The Shift in Loan Structures

This increasing preference for extended loan terms marks a significant shift in consumer behavior. As finance options tighten, economists have noted that buyers are gravitating toward extremes. For instance, while loans of 84 months constituted 19.8% of new-vehicle financing, a smaller fraction of buyers, about 10.2%, chose to finance their vehicles over terms of 48 months or less. This is a notable change from previous years, reflecting the ongoing struggle of consumers trying to align costs with their financial goals.

Monthly Payment Pressures Remain Elevated

The data shows that 17.7% of new car buyers are now managing monthly payments that exceed $1,000, evidencing that affordability continues to be a significant barrier in the automotive market. This trend indicates not only the rising costs of vehicles but also the shifting landscape of consumer expectations regarding car ownership. Maintaining a high percentage of monthly payments aligns with the recent focus on luxury vehicle sales, suggesting a possible shift in what consumers expect from their vehicle purchases.

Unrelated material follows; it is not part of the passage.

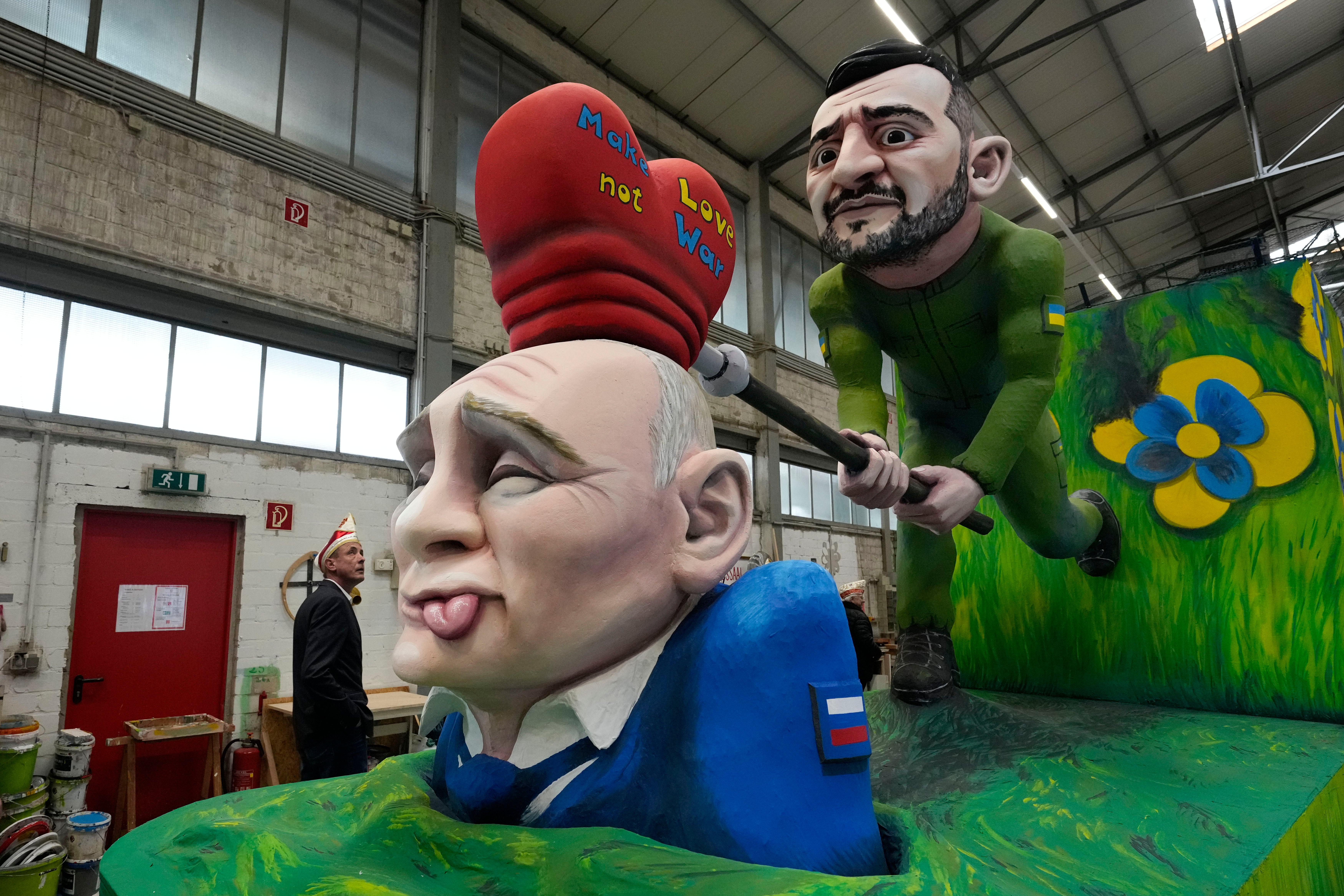 Other floats included Ukrainian President Volodymyr Zelensky hitting Vladimir Putin with a love hammer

Understanding the Impact of Interest Rates

Shop owners should also pay close attention to the interest rates affecting these long-term loans. With the average annual percentage rate (APR) holding steady at 7.1%—a significant rate compared to previous years—many consumers are forced to accept longer loan durations to accommodate the increased monthly costs associated with financing. This financial pressure not only affects buyers but can also impact what types of vehicles they consider for service and repairs in your shops.

What This Means for Repair Shop Owners

The increase in long-term loans and high monthly payments may suggest that consumers are retaining their vehicles longer. This can mean more business for auto repair shops as owners look for maintenance services that keep their vehicles performing well. Knowing that many buyers are extending their loans could imply that they prefer to spend on repairs rather than new purchases in the short term.

Future Economic Impacts on Vehicle Dynamics

As auto tariffs come into effect, there is potential for further upward pressure on vehicle prices, which may exacerbate current market trends. Repair shop owners can prepare for this evolving landscape by implementing proactive customer engagement strategies and focusing on high-quality service that can help customers feel good about maintaining older vehicles.

How can Auto Repair Shops Adapt?

Understanding these market dynamics allows for informed decisions about service offerings. Consider providing a premium service for older vehicles, or perhaps exploring financing options for bigger repairs, similar to the car loans consumers are opting for. Remember, when customers are dealing with longer loan terms and higher payments, they might very well appreciate options that make repairs manageable without financial strain.

There are also unique opportunities to connect with clients through educational seminars or content on maintenance, helping them understand the value of ongoing service on longer-term financing. Staying ahead of these trends not only helps your business thrive but creates a loyal customer base that trusts your expertise in these uncertain times.

As we watch the affordability landscape evolve, it's clear that understanding the trends impacting financing decisions will give you an edge in providing tailored services that meet your customers' needs. Be proactive and ready to adapt your service offerings to align with the changing financial landscapes your customers face every day.